LaVie：使用级联潜在扩散模型生成高质量视频

这个仓库是LaVie的官方PyTorch实现。

LaVie是一个文本到视频(T2V)生成框架，也是视频生成系统Vchitect的主要部分。您还可以查看我们微调的图像到视频(I2V)模型SEINE。

新闻

[2024.07.08]: LaVie-2即将发布，敬请期待！

安装

conda env create -f environment.yml 
conda activate lavie

下载预训练模型

下载预训练的LaVie模型、Stable Diffusion 1.4、stable-diffusion-x4-upscaler到./pretrained_models。
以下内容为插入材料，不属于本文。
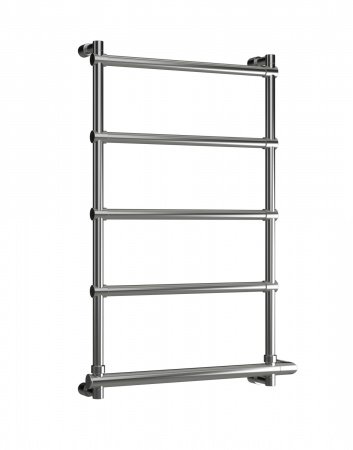 Полотенцесушитель электрический Margaroli Sole 542-5 5424705CRNB 840х570 хром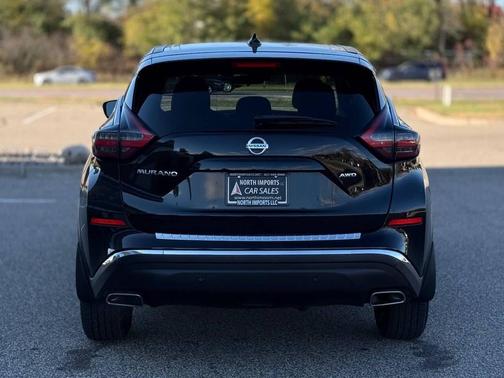 2020 Nissan Murano S Intelligent AWD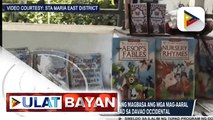 “Pabasa-bisikleta” na layon turuang magbasa ang mga mag-aaral sa liblib na lugar, inilunsad sa Davao Occidental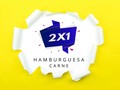 Digno 2x1 por inauguración 🙌🙌🙌 . 04142904351 . 2x1 en hamburguesa de carne ACTIVOSSSSSSS . A partir de las 12pm sin temor a Dios💥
您应该能看到以下结构：

├── pretrained_models
│   ├── lavie_base.pt
│   ├── lavie_interpolation.pt
│   ├── lavie_vsr.pt
│   ├── stable-diffusion-v1-4
│   │   ├── ...
└── └── stable-diffusion-x4-upscaler
        ├── ...

画廊：

（画廊内容省略）

随意尝试不同的提示词，并与我们分享您最喜欢的！

推理

推理包含基础T2V、视频插值和视频超分辨率三个步骤。我们提供了几种生成视频的选项：

	步骤1	步骤2	步骤3	分辨率	长度
选项1	✔			320x512	16
选项2	✔	✔		320x512	61
选项3	✔		✔	1280x2048	16
选项4	✔	✔	✔	1280x2048	61

请随意尝试不同的选项 :)

步骤1. 基础T2V

运行以下命令从基础T2V模型生成视频。

cd base
python pipelines/sample.py --config configs/sample.yaml

在configs/sample.yaml中，推理的参数：

ckpt_path: 下载的LaVie基础模型路径，默认为../pretrained_models/lavie_base.pt
pretrained_models: 下载的SD1.4路径，默认为../pretrained_models
output_folder: 保存生成结果的路径，默认为../res/base
seed: 使用的种子，None表示随机生成
sample_method: 使用的调度器，默认为ddpm，选项有ddpm、ddim和eulerdiscrete
guidance_scale: 使用的CFG比例，默认为7.5
num_sampling_steps: 去噪步骤，默认为50
text_prompt: 生成的提示词

以下结果是使用这些参数生成的：

seed: 400, sample_method: ddpm, guidance_scale: 7.0, num_sampling_steps: 50 (在不同设备上可能会得到不同结果)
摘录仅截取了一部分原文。